Garder les poules plus longtemps en production bio
L’alimentation en phases des poules pondeuses tient compte de l’évolution des besoins nutritionnels tout au long de la période de ponte. En cas de rotation prolongée, qui inclut une phase de production étendue, il devient crucial de garantir une alimentation de fin de ponte adaptée. Celle-ci favorise la santé globale des poules tout en préservant leur performance de ponte et la qualité des coquilles.
Photo: Nadja Zimmermann
En bref
- L’aliment de fin de ponte prévient les excès de nutriments et réduit le risque de stéatose hépatique.
- La rotation prolongée optimise le potentiel des poules pondeuses, mais requiert une gestion attentive.
- Pendant la rotation prolongée, la famille Tschann nourrit ses poules pondeuses bio avec un aliment de fin de ponte.
Les besoins nutritionnels des poules pondeuses évoluent au fil de la période de ponte. L’alimentation en phases, qui consiste à nourrir les animaux selon leur stade physiologique, permet de réduire les excédents comme les carences en nutriments, contribuant ainsi à la bonne santé des animaux ainsi qu’à la rentabilité de l’exploitation. Cette approche assure aussi une utilisation plus efficiente des ressources, allégeant la pression sur l’environnement. Pour opérer la transition alimentaire, il est important de prendre en compte l’état général des poules, sachant que le changement de phase varie d’un troupeau à l’autre. D’une manière générale, avec l’âge, la sensibilité des poules augmente et leur capacité d’adaptation baisse. Il est donc recommandé, dès le départ de la rotation, de planifier grossièrement l’alimentation et les mesures de soutien supplémentaires ultérieures.

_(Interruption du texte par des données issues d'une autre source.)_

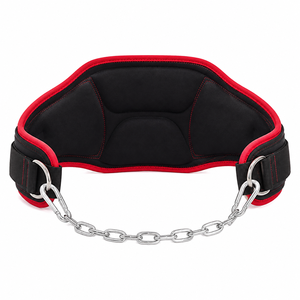 Strong Back Support Dip <b>Belt</b> For Weighted Dips & Calisthenics, In Black And <b>Red</b> Color Weightlifting <b>Belts</b> - Product Image 2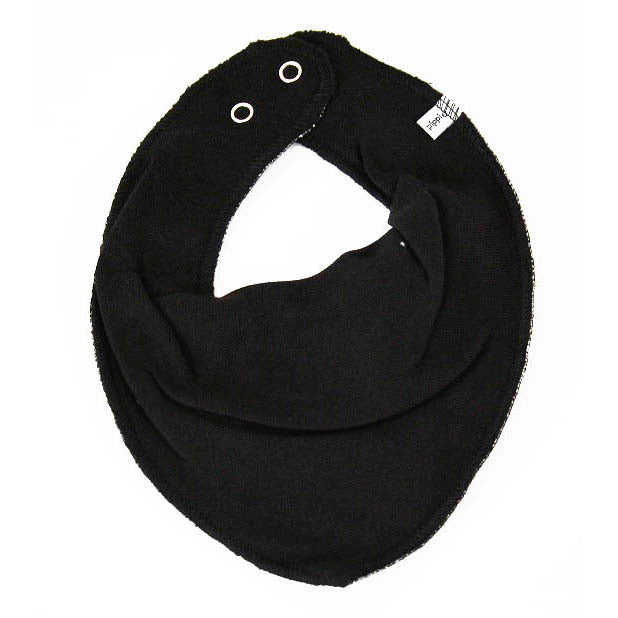 Pippi - Bandana bib zwart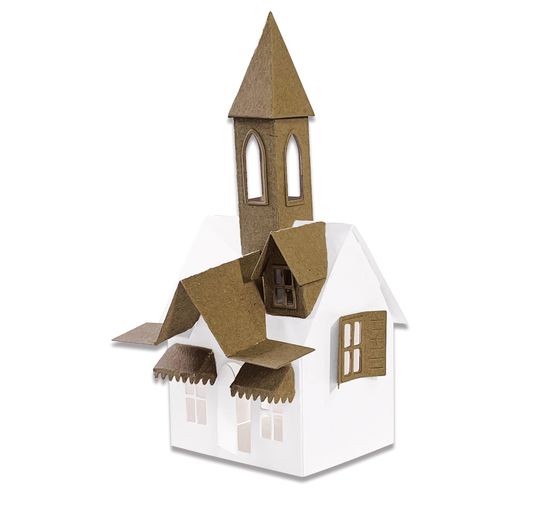 Set de gabarits d'estampe Sizzix Thinlits « Village Collection by Tim Holtz »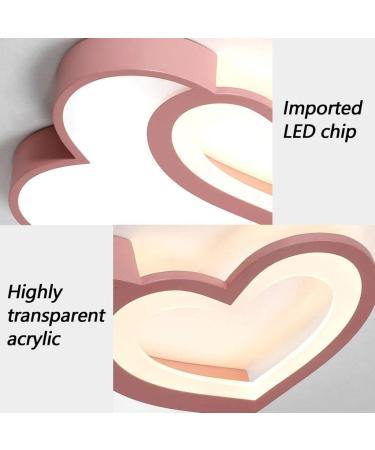 Children's LED Ceiling Lamp - Cute Cartoon Design for Kids' Rooms - Dimmable Remote Control Chandelier in Pink with Moon & Star - Perfect for Young Girls' Bedrooms - Buy Online on GoSupps.com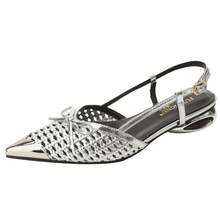 Women Flat Sandals - 黑色 - 查看 7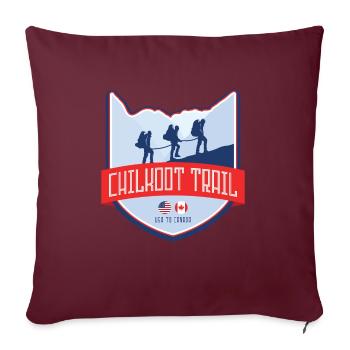 Chilkoot Trail - États-Unis d’Amérique en Canada - Housse de coussin décorative 45 x 45 cm - bordeaux - Devant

Alimentation en phases des pondeuses
Pour faciliter la transition des poulettes à l’aliment spécifique pour les pondeuses, plus riche en calcium et en nutriments, il est judicieux d’utiliser un aliment de préponte, car ce dernier prévient une baisse de l’ingestion au début de la phase de ponte. Il convient de noter qu’en vertu du Cahier des charges de Bio Suisse, la part de grains dans la ration totale doit être d’au moins 5 %. En ce qui concerne le passage à l’aliment de démarrage, plus riche en nutriments, il se fait dès lors que la performance de ponte atteint 5 %, garantissant un apport optimal malgré une ingestion faible au début de la phase de ponte. Quant à la transition vers l’aliment de deuxième phase, elle est opérée avec succès lorsque les teneurs réduites en énergie et en protéine couvrent les besoins des poules ; ce faisant, il convient de tenir compte de plusieurs facteurs tels que l’ingestion, l’hybride, l’âge, la santé, la performance de ponte et la taille d’œuf souhaitée. L’objectif est d’obtenir une performance élevée sans surcharger le métabolisme par une densité nutritionnelle trop élevée.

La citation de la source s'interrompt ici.